-- DATA TO USE follows --

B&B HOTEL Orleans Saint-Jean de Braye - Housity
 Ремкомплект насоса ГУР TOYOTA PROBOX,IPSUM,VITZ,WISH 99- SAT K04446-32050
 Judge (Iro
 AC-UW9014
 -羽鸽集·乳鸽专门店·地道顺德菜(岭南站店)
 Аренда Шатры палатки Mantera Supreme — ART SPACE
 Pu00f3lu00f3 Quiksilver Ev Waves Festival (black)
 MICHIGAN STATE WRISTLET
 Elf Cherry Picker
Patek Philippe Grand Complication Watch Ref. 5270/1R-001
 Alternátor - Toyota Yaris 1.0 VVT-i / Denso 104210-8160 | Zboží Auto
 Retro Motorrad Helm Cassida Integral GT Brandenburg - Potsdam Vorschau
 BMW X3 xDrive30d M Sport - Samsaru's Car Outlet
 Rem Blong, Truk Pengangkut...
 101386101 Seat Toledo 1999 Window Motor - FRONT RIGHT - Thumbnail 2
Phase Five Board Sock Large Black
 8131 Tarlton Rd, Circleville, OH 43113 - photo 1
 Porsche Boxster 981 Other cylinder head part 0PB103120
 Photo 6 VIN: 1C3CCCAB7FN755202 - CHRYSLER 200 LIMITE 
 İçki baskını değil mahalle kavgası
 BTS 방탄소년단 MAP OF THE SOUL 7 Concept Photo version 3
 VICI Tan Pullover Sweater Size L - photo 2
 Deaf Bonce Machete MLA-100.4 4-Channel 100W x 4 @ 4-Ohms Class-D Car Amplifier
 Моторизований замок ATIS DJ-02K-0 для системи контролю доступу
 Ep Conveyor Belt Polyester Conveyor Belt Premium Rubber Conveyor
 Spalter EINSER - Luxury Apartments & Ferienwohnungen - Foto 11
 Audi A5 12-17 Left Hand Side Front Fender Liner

-- DATA TO USE concluded --

- [TASK TO COMPLETE] Write out a verbatim copy of the data, beginning with its first line and ending with the line that contains "Ep Conveyor Belt".

- [ANSWER FOR THE TASK]
B&B HOTEL Orleans Saint-Jean de Braye - Housity
 Ремкомплект насоса ГУР TOYOTA PROBOX,IPSUM,VITZ,WISH 99- SAT K04446-32050
 Judge (Iro
 AC-UW9014
 -羽鸽集·乳鸽专门店·地道顺德菜(岭南站店)
 Аренда Шатры палатки Mantera Supreme — ART SPACE
 Pu00f3lu00f3 Quiksilver Ev Waves Festival (black)
 MICHIGAN STATE WRISTLET
 Elf Cherry Picker
Patek Philippe Grand Complication Watch Ref. 5270/1R-001
 Alternátor - Toyota Yaris 1.0 VVT-i / Denso 104210-8160 | Zboží Auto
 Retro Motorrad Helm Cassida Integral GT Brandenburg - Potsdam Vorschau
 BMW X3 xDrive30d M Sport - Samsaru's Car Outlet
 Rem Blong, Truk Pengangkut...
 101386101 Seat Toledo 1999 Window Motor - FRONT RIGHT - Thumbnail 2
Phase Five Board Sock Large Black
 8131 Tarlton Rd, Circleville, OH 43113 - photo 1
 Porsche Boxster 981 Other cylinder head part 0PB103120
 Photo 6 VIN: 1C3CCCAB7FN755202 - CHRYSLER 200 LIMITE 
 İçki baskını değil mahalle kavgası
 BTS 방탄소년단 MAP OF THE SOUL 7 Concept Photo version 3
 VICI Tan Pullover Sweater Size L - photo 2
 Deaf Bonce Machete MLA-100.4 4-Channel 100W x 4 @ 4-Ohms Class-D Car Amplifier
 Моторизований замок ATIS DJ-02K-0 для системи контролю доступу
 Ep Conveyor Belt Polyester Conveyor Belt Premium Rubber Conveyor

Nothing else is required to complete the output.